In the spring of 1981, with Morris Day as lead singer and the majority of Flyte Tyme in tow, work on the album that would become the Time’s self-titled debut began in earnest. The sessions at Prince’s Kiowa Trail home studio were “quick and dirty,” according to engineer Don Batts. “The whole album went fast and it was produced at a minimal cost,” he told the fanzine Uptown. “I even remember using used tape” (Nilsen 1999 85).

Some of the quickness and dirtiness of The Time is evident in its track list, a scant six songs of disparate provenance. André Cymone had been involved early in the process: “I was trying to put some other groups together,” he said to Uptown. “Just trying to make some money… I saw [Prince] turning down productions, offers from Diana Ross and some other people, this is like good money, and I’m going, ‘Wait a minute, man.
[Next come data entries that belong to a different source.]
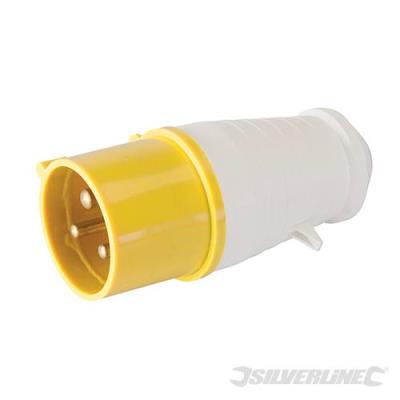 Fiche 32 A Silverline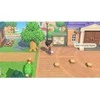 Nintendo SW2 Animal Crossing: Nauji horizontai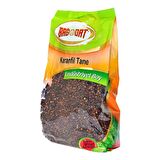Doğal Tane Karanfil 1000 Gr Paket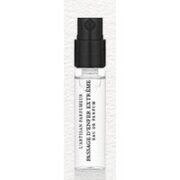 L’ARTISAN PARFUMEUR 隐凡之路馥郁版香水 EDP 1.5ml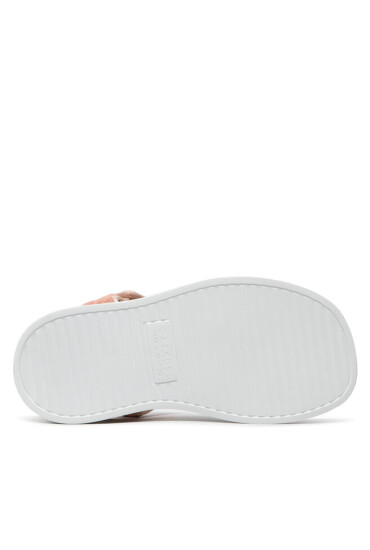 Casadei Сандали 1L009U0301T0356B016 Розов - Mera.bg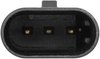 Crank Sensor - image 3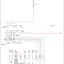 mini-Power mirrors circuit (1 of 2)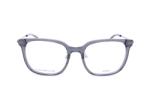 Tommy Hilfiger TH 2115/F KB7 53 Ochelari de citit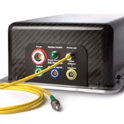 FIBRA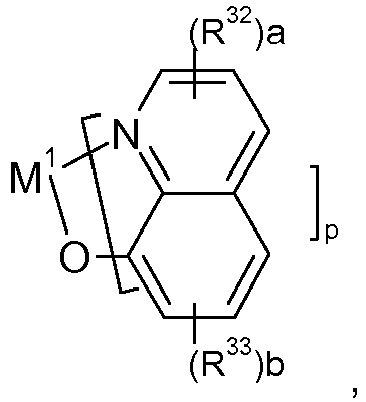 Figure imgb0652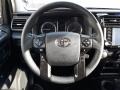 Barcelona Red Metallic - 4Runner Venture Edition 4x4 Photo No. 4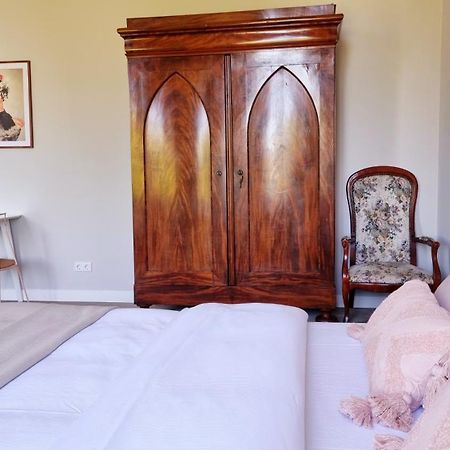 B&B Huis Der Boede Koudekerke Quarto foto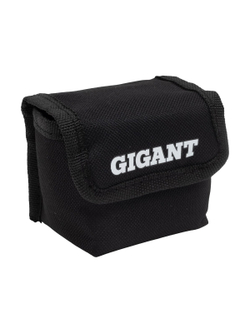 Лазерный нивелир 2 луча Gigant GPro-100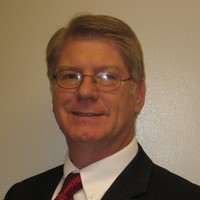 Roger Sheets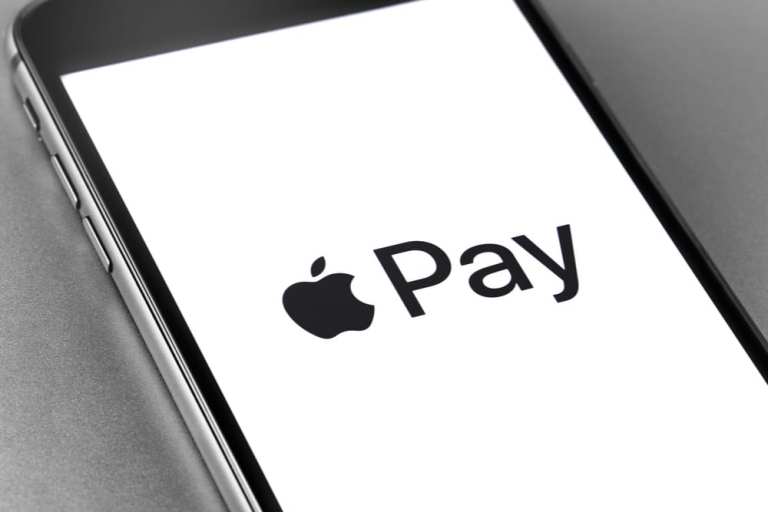 Apple Pay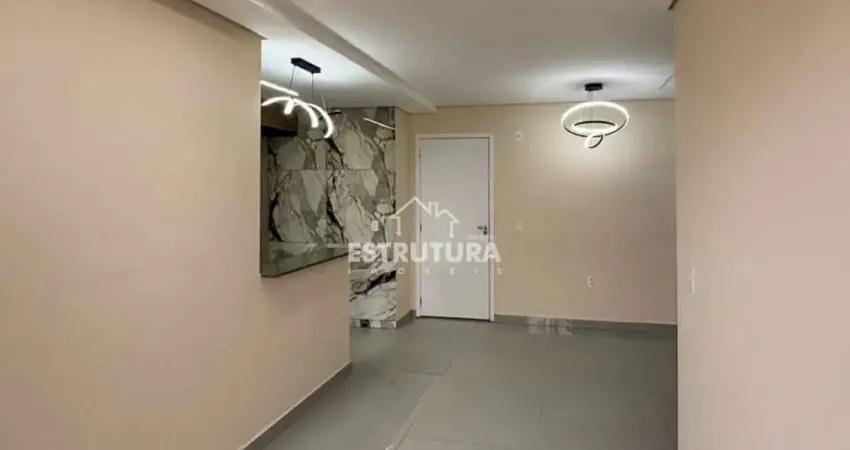 Apartamento para alugar em Jardim Floridiana de 53.00m² com 2 Quartos e 1 Garagem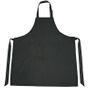 L-merch Apron dark_grey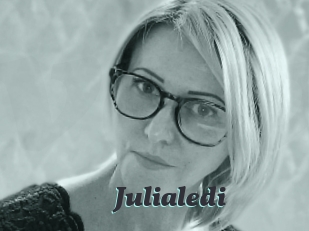 Julialedi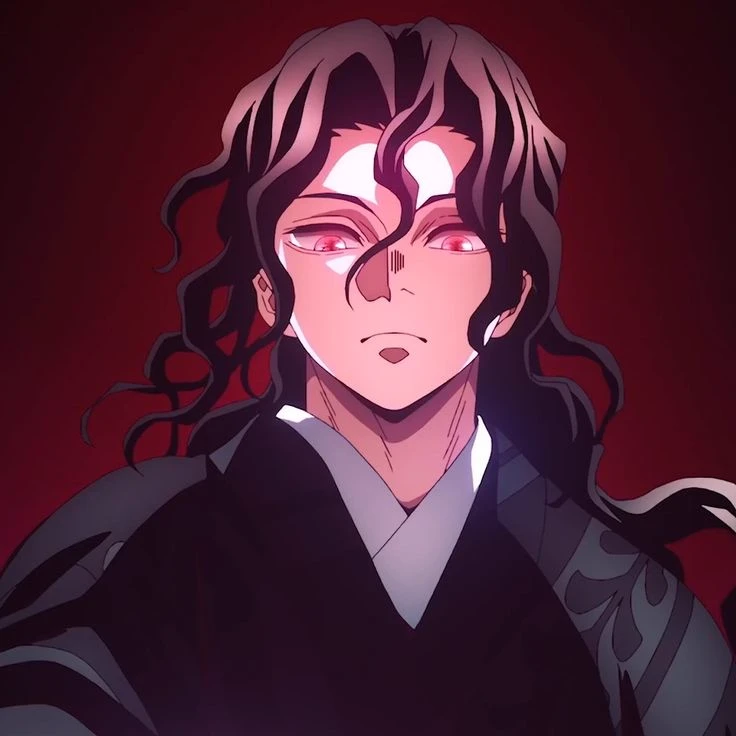 Kibutsuji Muzan thumbnail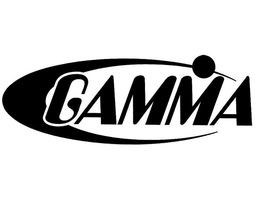 GAMMA trademark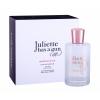 Juliette Has A Gun Moscow Mule Woda perfumowana 100 ml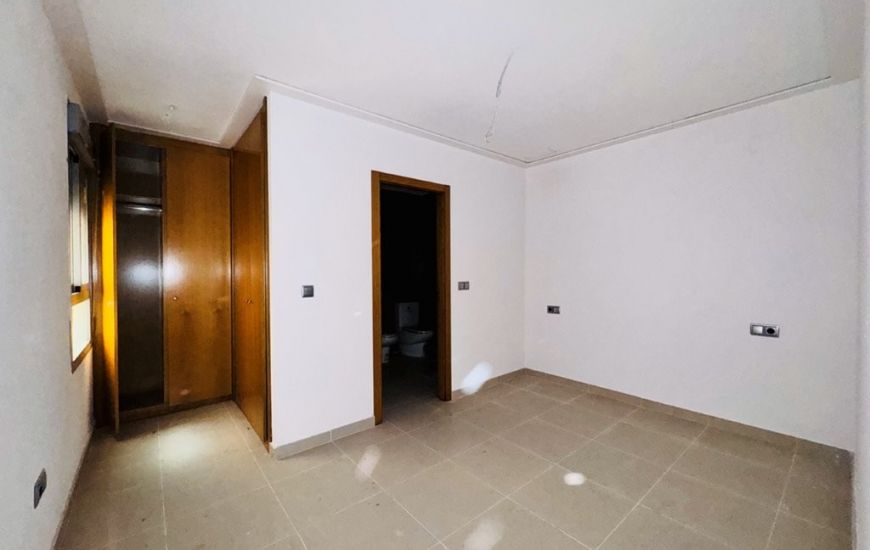 Sale - Apartments - 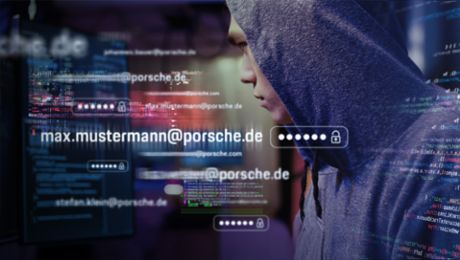 Protection Through Expertise: Ethical Hacker Program and Reporting Policy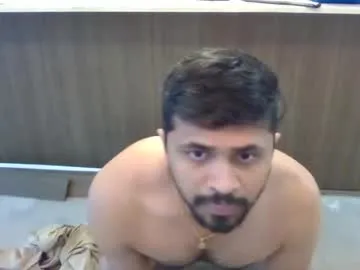 wildpammy – webcam model profile photo Image 17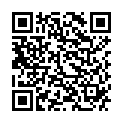 QR Omida Phytolacca шарики C 200 2г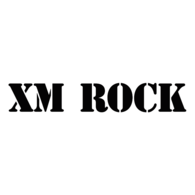 XM Rock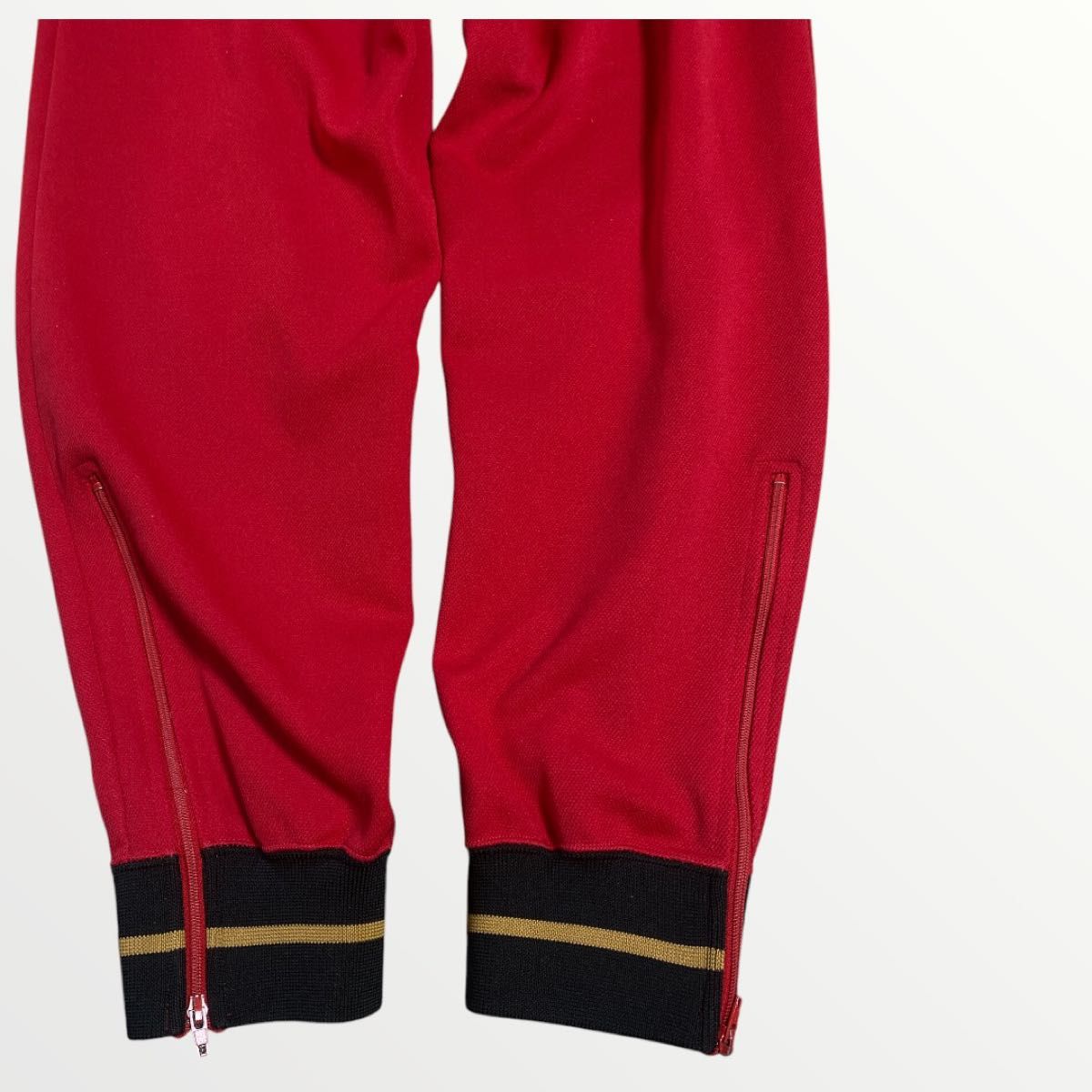 激レア NIKE ナイキ 80s トラックジャケット ジャージ上下 激レア NIKE ナイキ 80s トラックジャケット ジャージ上下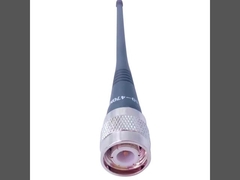 কিউটি 450 এএইচ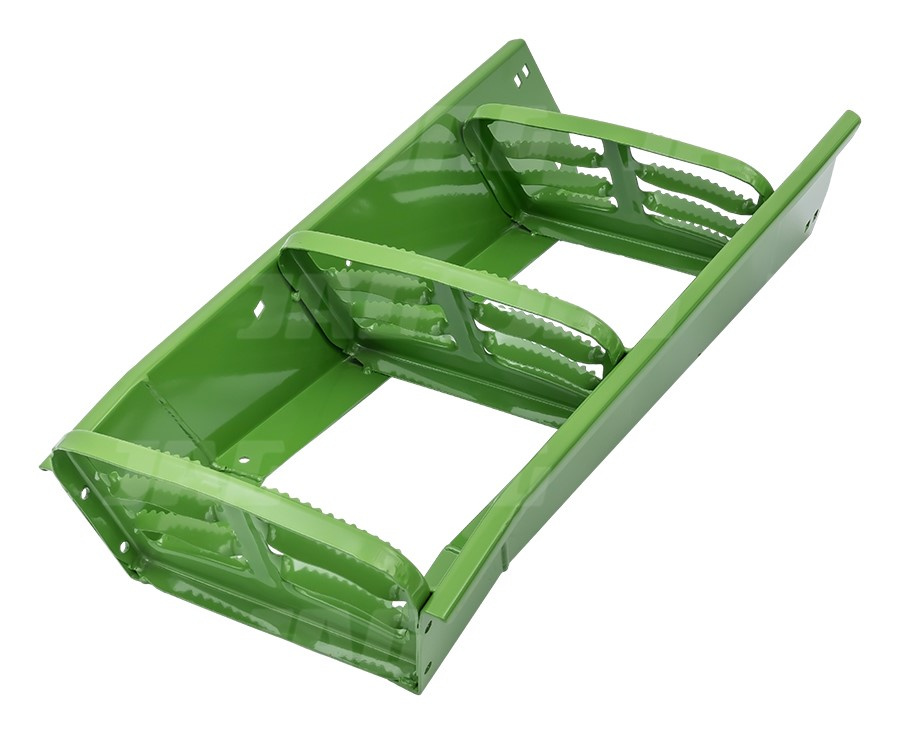 AL173043 Schody 3-stopniowe, JOHN DEERE AL173043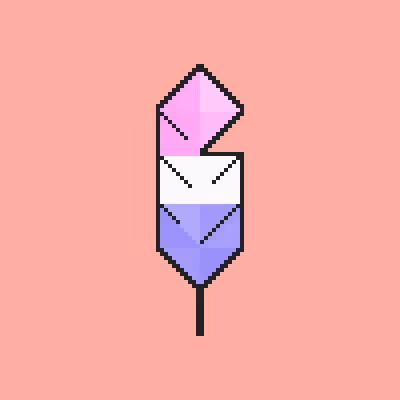 Item #8755151252600090729994265490900212004692107844765515336948830237101674987521 Media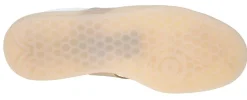 Sneakers T94144T hvit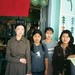 San Lwin Photo 6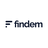 Findem Reviews & Ratings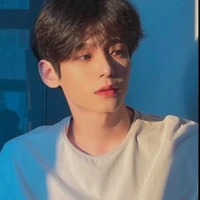 trung kiên(bạn nu9)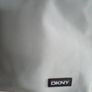 DKNY laptop bag Image 3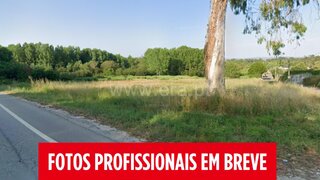 Land for sale in Águeda, Portugal — €500,000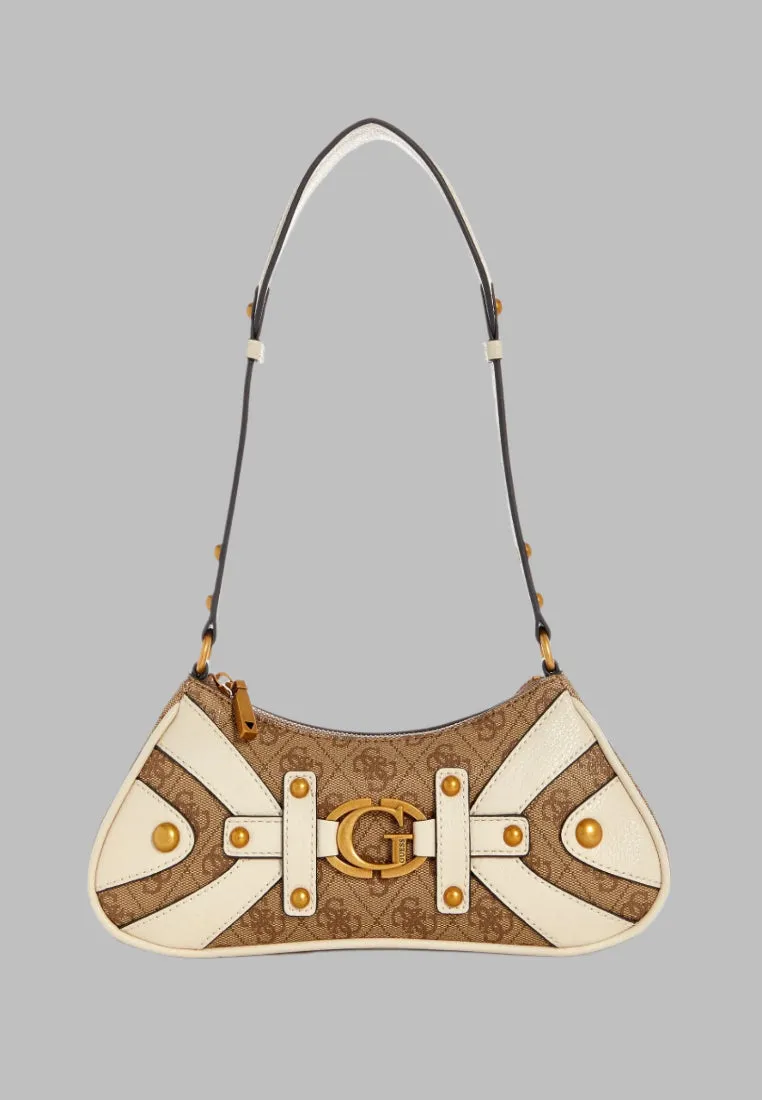 Mintha Mini Top Shoulder Bag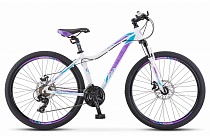 Miss-7100 MD 27.5" V010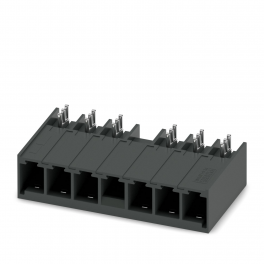 PC 6/ 6-GL4U-7,62 P26THR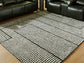 Kurtmen Medium Rug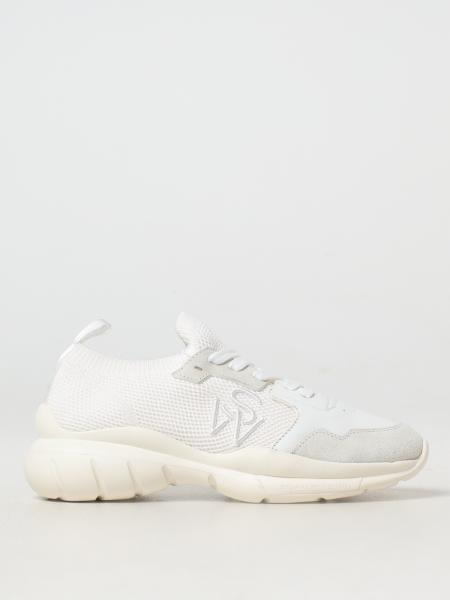 Sneakers woman Stuart Weitzman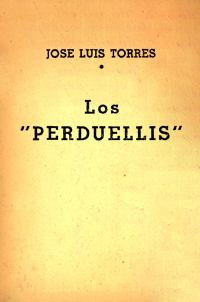 tapa del libro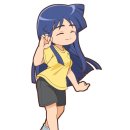 상대 아이스크림 할인마트 이미지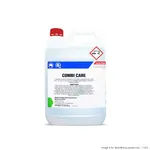 Combi Care 5LT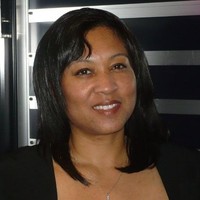 Bridget Davidson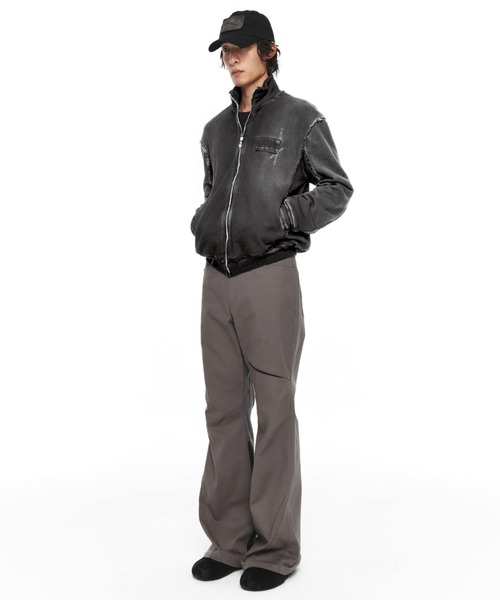 ぱむ TAMA Imperialstarシリーズ 18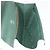LOUIS VUITTON Pochette Kourad Taiga Clutch Bag Epicea M30194 LV Auth bs35052 - vista 20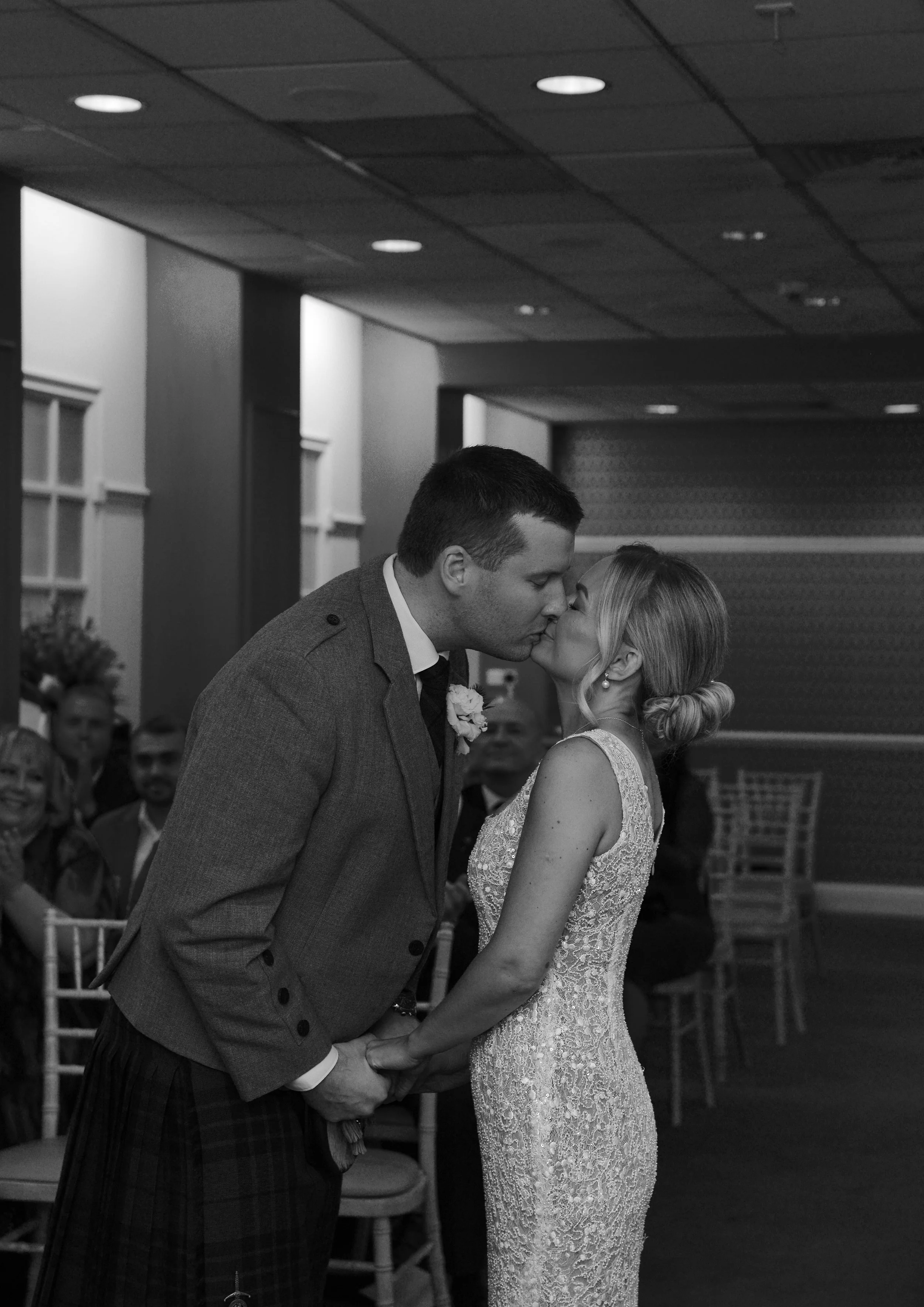 TheHarrisons_PhotographybyGwen_16.jpg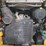 2011-caterpillar-246c-image-21
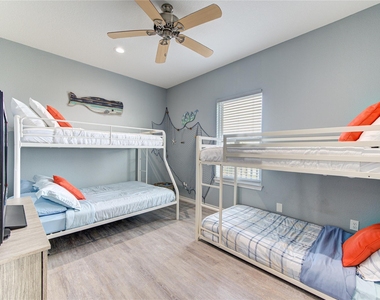 14110 Miramar Drive - Photo Thumbnail 29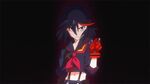 Matoi-ryuuko-transformation-start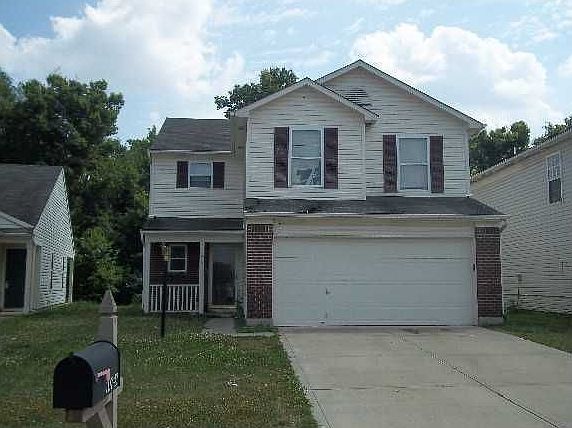 1st image of 10747 Sterling Apple Dr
Let’s just do some of this. Let’s put together a group’” (Nilsen 1999 84). As we’ve seen, however, relations between Prince and André were quickly deteriorating, and this project was no exception. “All of a sudden, Prince decided he wanted everything his way,” Cymone recalled. “All the songs would go to his publishing company, and he wanted this and that. I was sick of doing everything that way. He didn’t want my name to be mentioned, he wanted me to use a fictitious name. I wanted to get credit for what I was doing” (85).